For many people, the first and last mile of their journey is the sticking point for using public transport. In some cases, you can use a shared bike for the last mile as there is demand for this in transport hubs, but the availability of these for the first mile can be sketchy in many residential areas. So the solution is to take your bike on the train and use it at both ends. This may sound like a dream for many cities, but Copenhagen proves that it can be done; cheaply and efficiently.

In 2010 DSB, the public train operator in the Greater Copenhagen area, made it free to take your bike in the S train system. In the least popular carriage, they converted a quarter of the train into a flexible space for bikes. Before it became free, 2.1 million passengers were bringing their bikes on board, and now in 2022, that figure is almost 10 million passengers*.

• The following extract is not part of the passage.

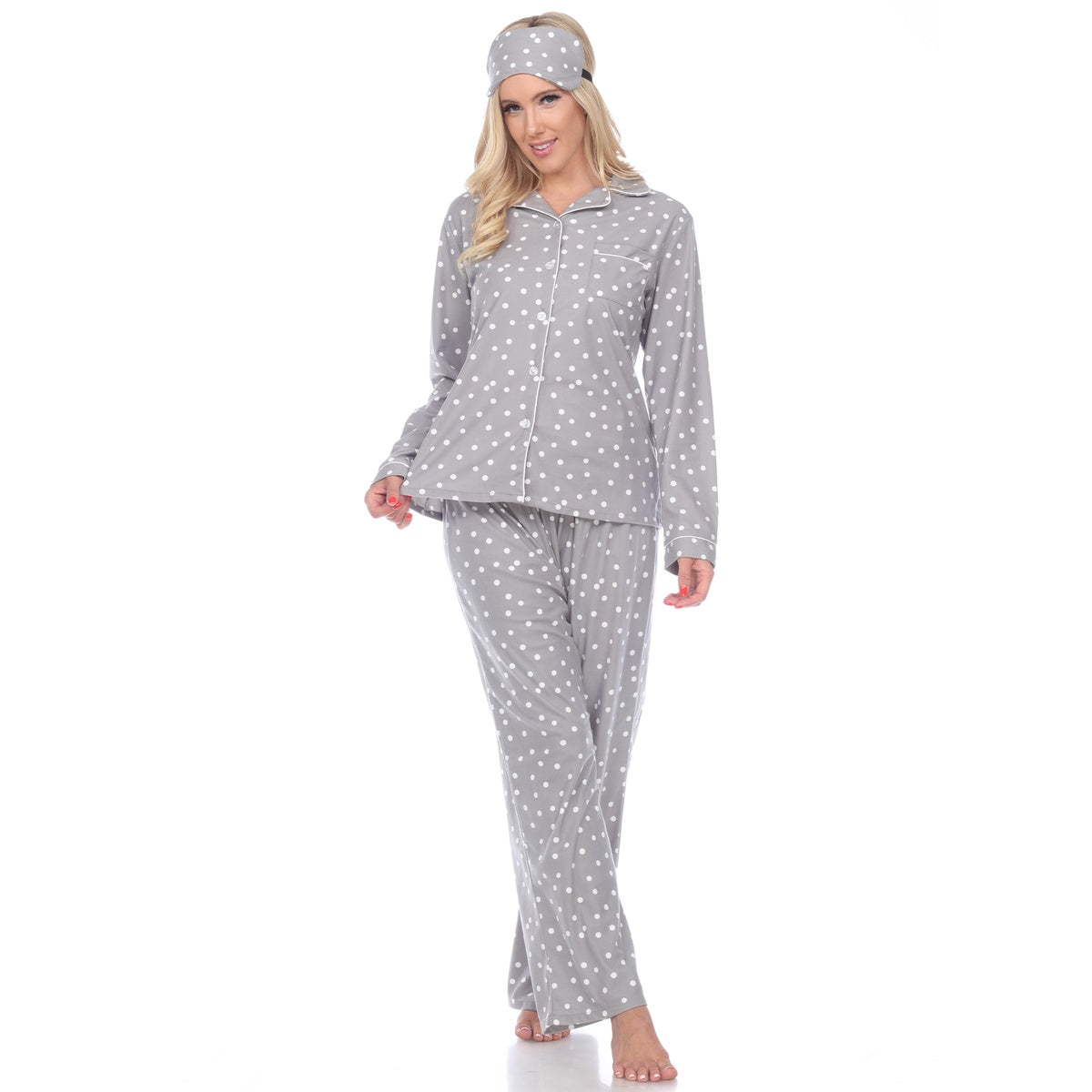  White Mark Women's Three Piece Pajama Set - L - Bonton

The S train network connects more suburban outlying areas with the city centre, thus making it easy to live outside the city centre and reach work or study efficiently by public transport.

This follows the urban planning strategy called the Five Finger Plan, established in 1947. The plan for the city’s growth designated five corridors of urban development, which were along railway (S Train) lines to provide convenient transportation to central Copenhagen. The network is shaped like a spread-out hand, with the palm being the city centre where all the routes converge. It also left green spaces and agriculture areas between the ‘fingers’. This was at a time when great swathes of the US cities were being demolished to create highways for cars.

It also helps that Copenhagen has a positive cycling culture. The city has an extensive cycling infrastructure with 382km of cycling routes in the city and dedicated super cycle highways that cut across the city, at times avoiding roads, for more efficient and safer journeys. On busy routes during rush hour, traffic lights are coordinated in favour of cyclists. Over the last decade, the city has invested in five dedicated bike bridges spanning the inner harbour, making movement to and from the city centre to the island of Amager quicker and safer. So it is not surprising that 49% of Copenhageners cycle to work or study.

When they read such positive case studies, people often say that not all cities can be Copenhagen (or Amsterdam, another city with a positive cycling culture). However, while our city has been thinking about and investing in urban planning that incorporates public transport and cycling infrastructure for decades, that does not mean that other cities can’t take some inspiration from what is possible here in Denmark.